A pesar de lo fácil que es formatear un disco duro o un pendrive, lo cierto es que existen dos métodos para hacerlo: El formateo rápido y el formateo completo. Y si los usuarios ignoran cuál se debe aplicar en cada caso, puede que esté aplicando una solución inadecuada. Es por ello que en este artículo aprenderemos cual es la diferencia entre ambos métodos y en qué caso se debe aplicar cada uno.

Formateo rápido y formateo completo

Existe una regla generalizada que dictamina que hacer un formateo completo de una unidad es mucho mejor que la opción rápida, ya que un formateo completo limpiará completamente la unidad de almacenamiento, sin ningún tipo de rastro del contenido que pudiera tener almacenado antes.

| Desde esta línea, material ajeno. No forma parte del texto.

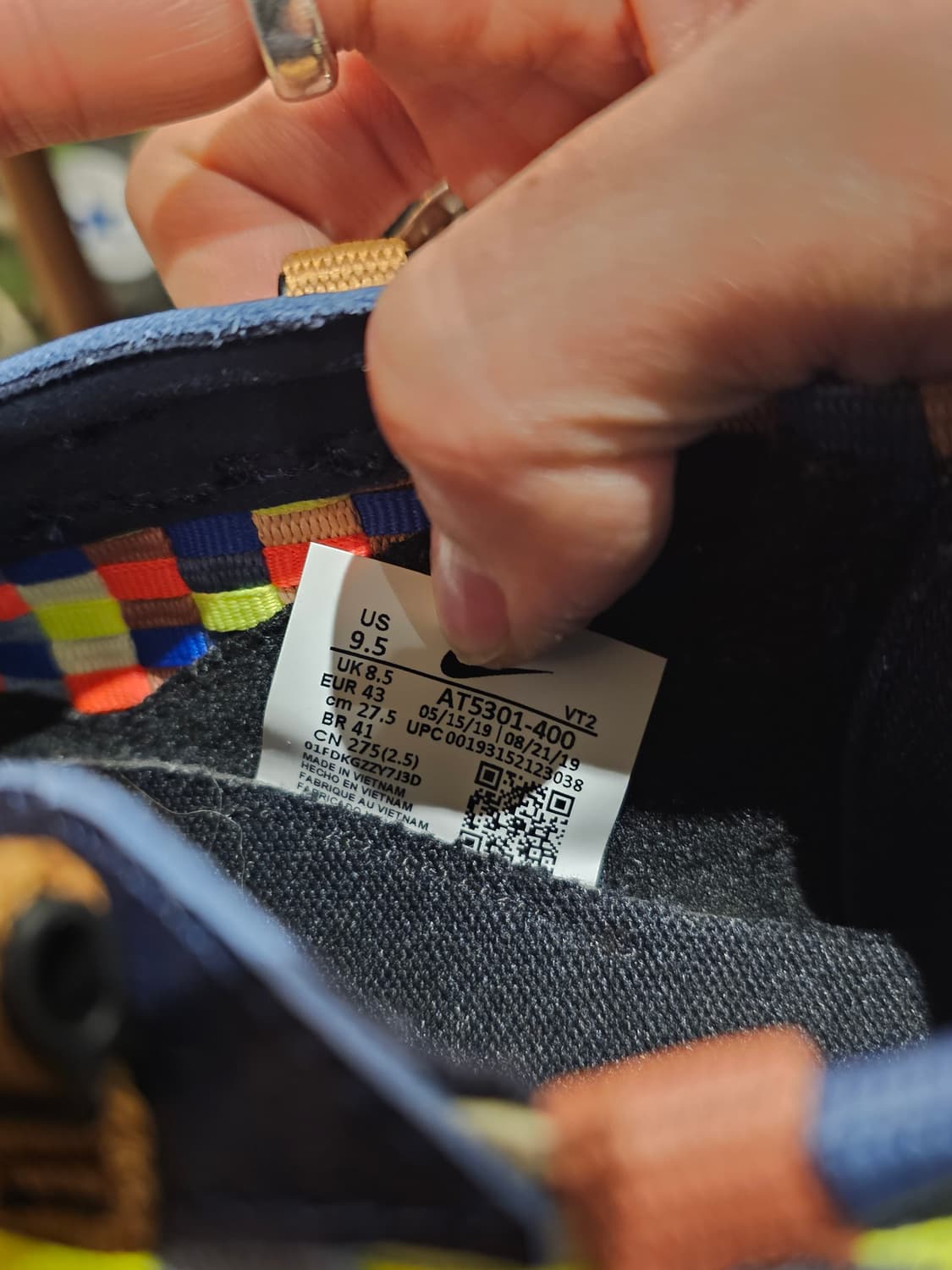 나이키 리액트 세르투 네이비컬러 us9.5 상품이미지4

Otra diferencia importantísima entre el formateo completo y el rápido es que el primer procedimiento comprueba y marca como defectuosos los sectores que no pueden ser ni leídos ni escritos. Esto significa que en el caso de que el proceso encuentre un sector dañado lo marcará en la tabla nueva que creará para evitar que el sistema lo utilice, y por lo tanto falle al momento de escribir datos sobre este sector.

Esto garantiza que el disco formateado completamente utilice todo el espacio disponible, exceptuando los sectores defectuosos, y que nos brinda un buen tiempo de uso con seguridad.

La verdad sobre el formateo rápido

El formato rápido de una unidad es exactamente lo contrario que un formato completo, ya que en lugar de hacer comprobaciones, formatear y crear una tabla de archivos nueva, sólo se limita a eliminar partes del sistema de archivos. Es decir que básicamente el formateo rápido no reconstruye el sistema de archivos eliminando todos los datos en el proceso, ni comprueba los sectores defectuosos, sólo construye una nueva tabla sobre la anterior, ocultando los datos que estaban almacenados.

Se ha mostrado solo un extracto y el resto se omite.